━━ INPUT FOR THIS TASK ━━

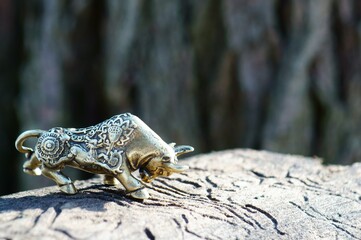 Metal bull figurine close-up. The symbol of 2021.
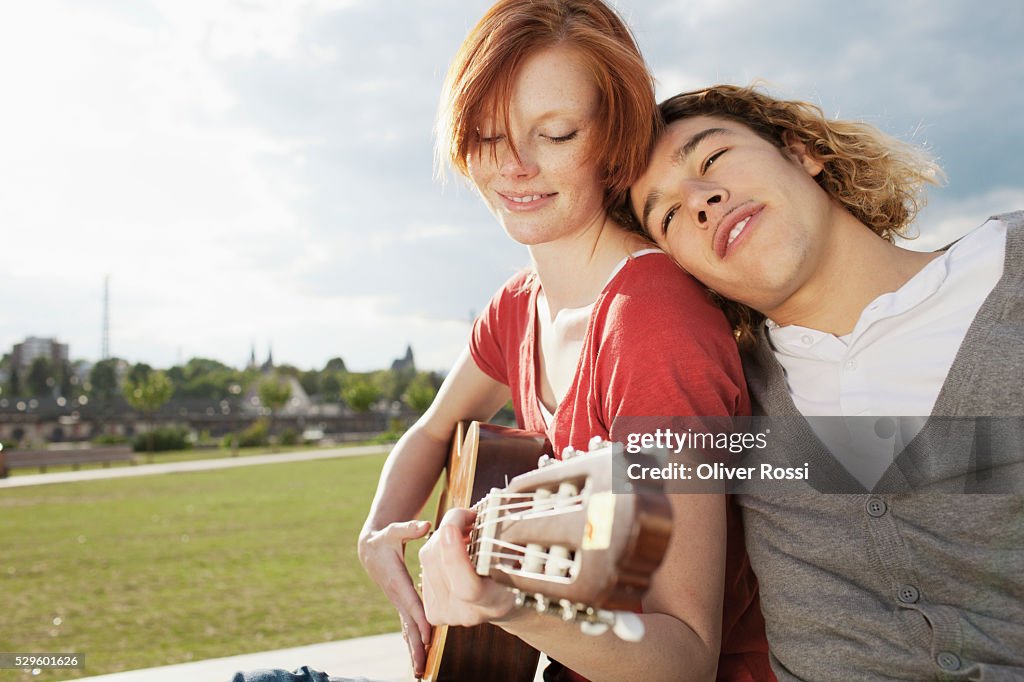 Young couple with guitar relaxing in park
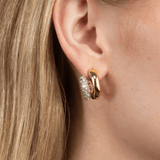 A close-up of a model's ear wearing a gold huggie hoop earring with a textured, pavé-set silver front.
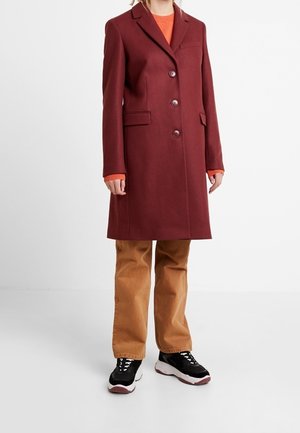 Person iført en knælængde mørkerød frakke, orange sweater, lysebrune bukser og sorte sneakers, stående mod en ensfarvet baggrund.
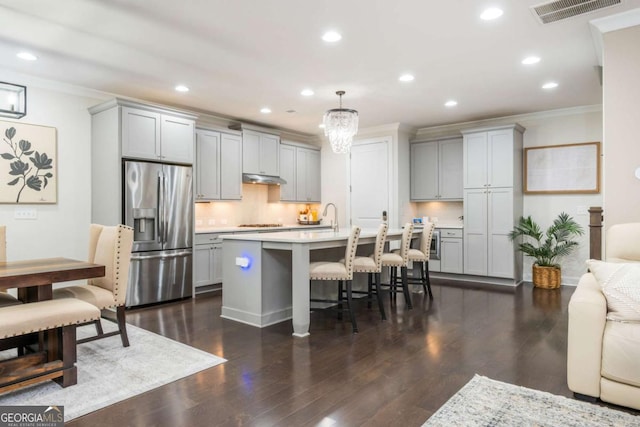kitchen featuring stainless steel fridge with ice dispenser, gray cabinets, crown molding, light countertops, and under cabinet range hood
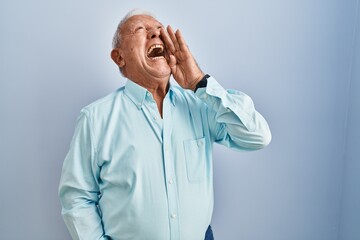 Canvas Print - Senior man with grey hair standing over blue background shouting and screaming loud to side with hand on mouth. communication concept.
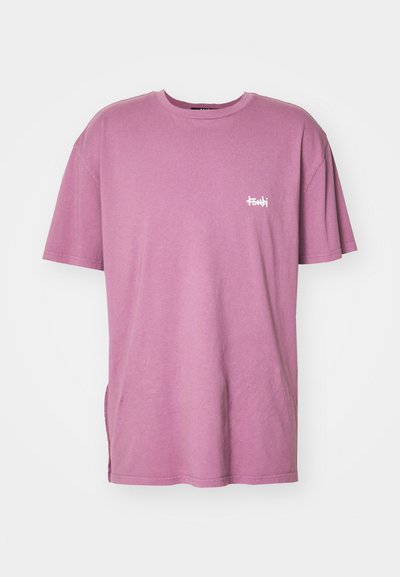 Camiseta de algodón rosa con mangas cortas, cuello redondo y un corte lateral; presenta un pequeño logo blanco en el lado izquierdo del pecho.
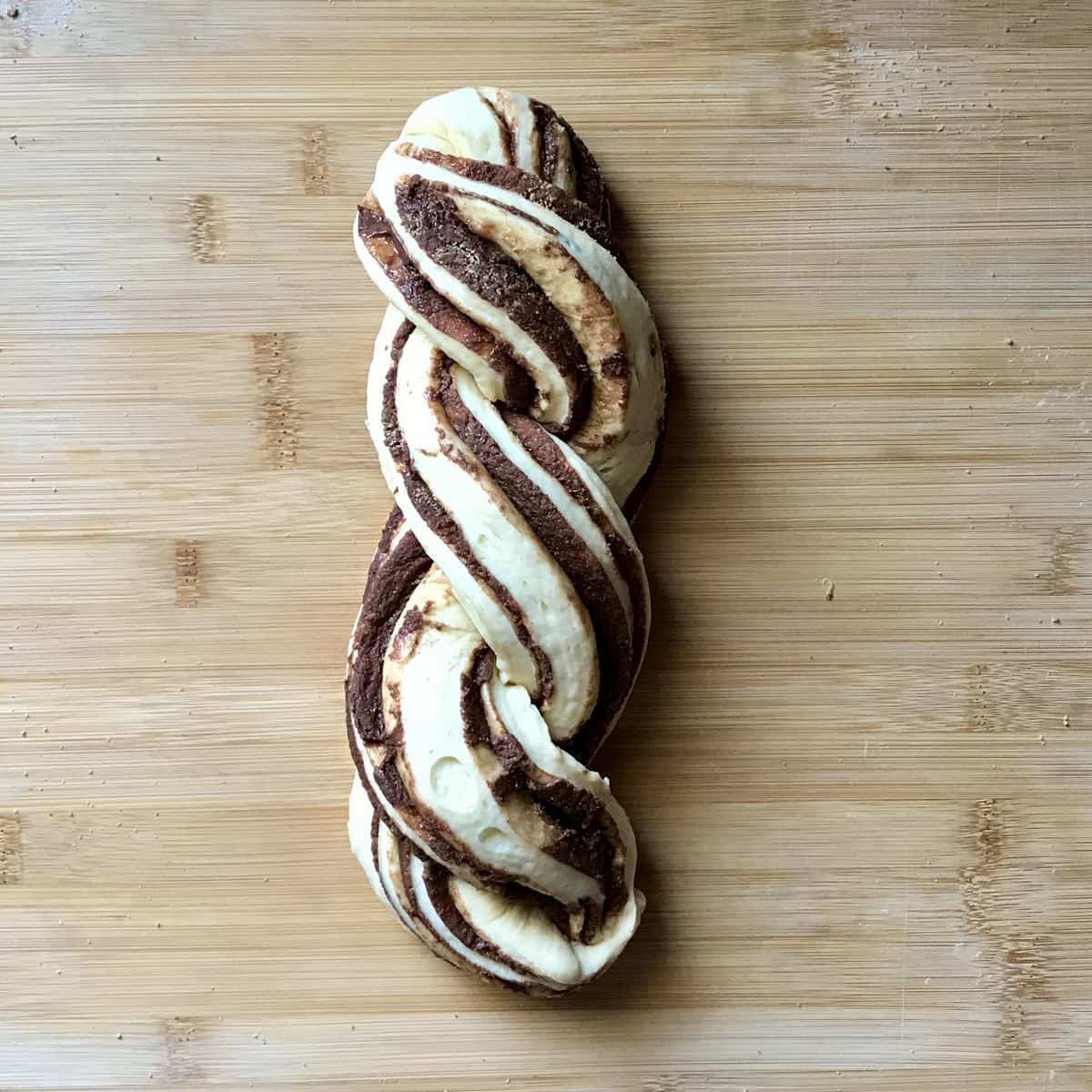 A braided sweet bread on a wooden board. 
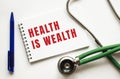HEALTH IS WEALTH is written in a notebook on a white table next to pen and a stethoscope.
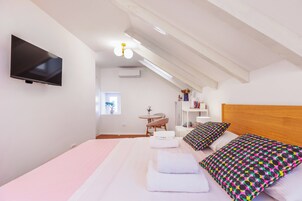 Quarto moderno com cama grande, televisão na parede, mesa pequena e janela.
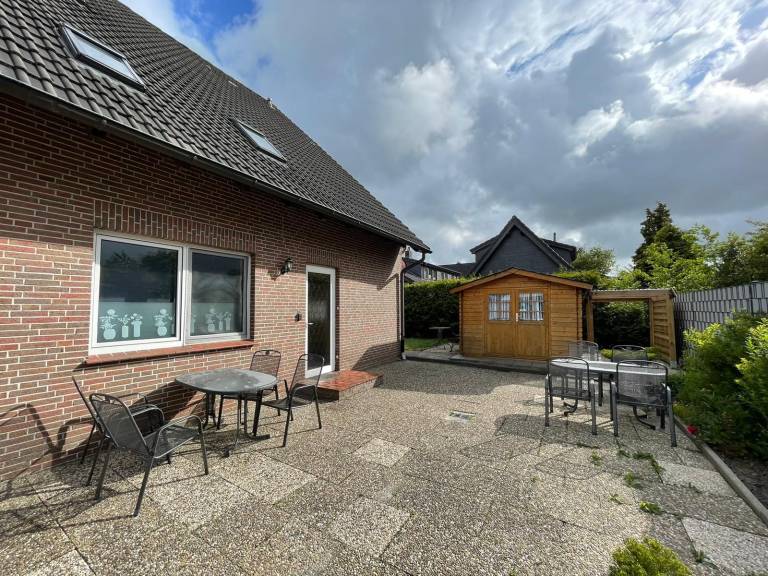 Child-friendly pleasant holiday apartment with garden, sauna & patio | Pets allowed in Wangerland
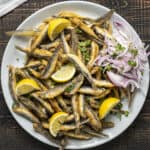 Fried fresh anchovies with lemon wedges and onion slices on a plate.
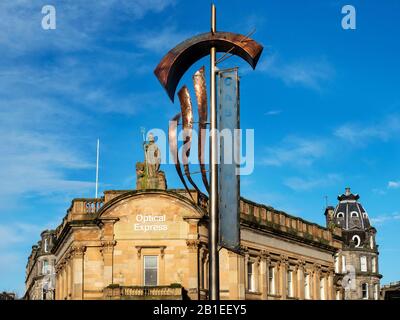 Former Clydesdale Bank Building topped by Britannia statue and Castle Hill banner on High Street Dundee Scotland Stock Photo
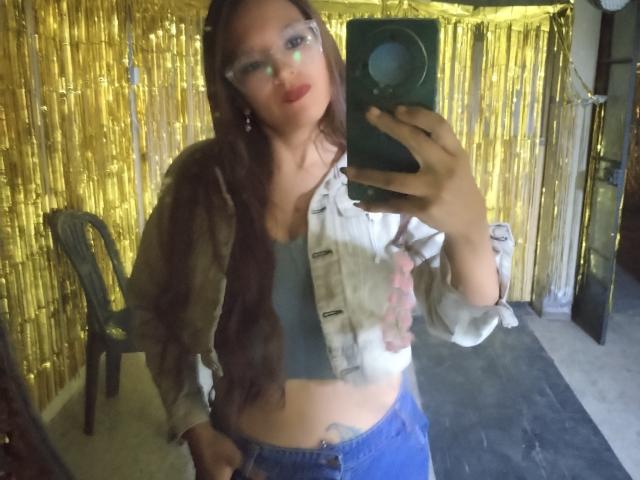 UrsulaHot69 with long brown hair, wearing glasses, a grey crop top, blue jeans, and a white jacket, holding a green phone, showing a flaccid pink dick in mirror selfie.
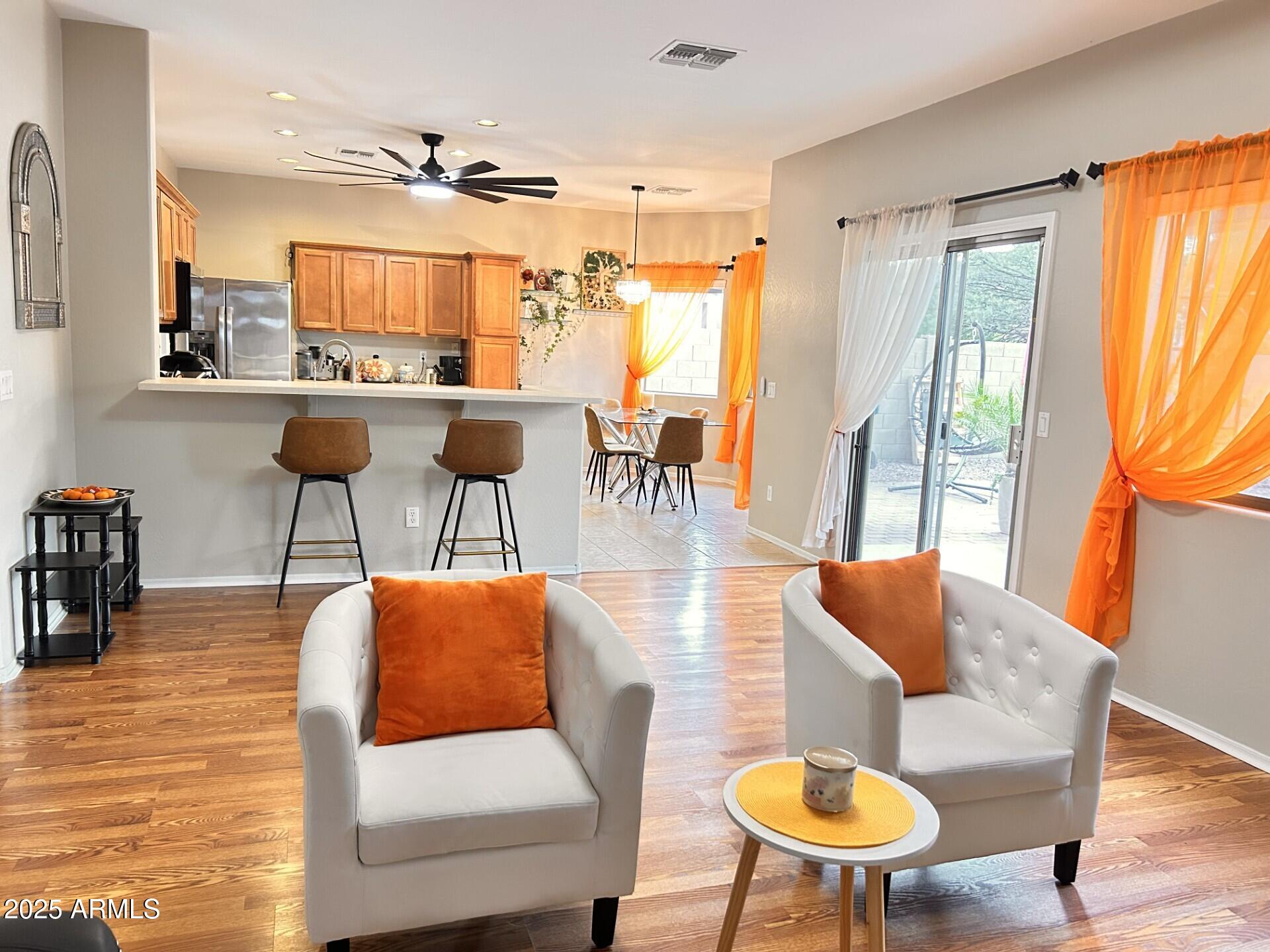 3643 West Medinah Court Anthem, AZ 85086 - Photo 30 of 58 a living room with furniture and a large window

━━━

> **ASSIGNED TASK**
An exact copy is needed of the lines from the start of the listing through the line with "Canvas Print - Senior", both end lines included and pictures excluded.

> **ANSWER BELOW**
 Metal bull figurine close-up. The symbol of 2021.
 Young couple with guitar relaxing in park
 A close-up of a model's ear wearing a gold huggie hoop earring with a textured, pavé-set silver front.
 Person iført en knælængde mørkerød frakke, orange sweater, lysebrune bukser og sorte sneakers, stående mod en ensfarvet baggrund.
kitchen featuring stainless steel fridge with ice dispenser, gray cabinets, crown molding, light countertops, and under cabinet range hood
 Canvas Print - Senior man with grey hair standing over blue background shouting and screaming loud to side with hand on mouth. communication concept.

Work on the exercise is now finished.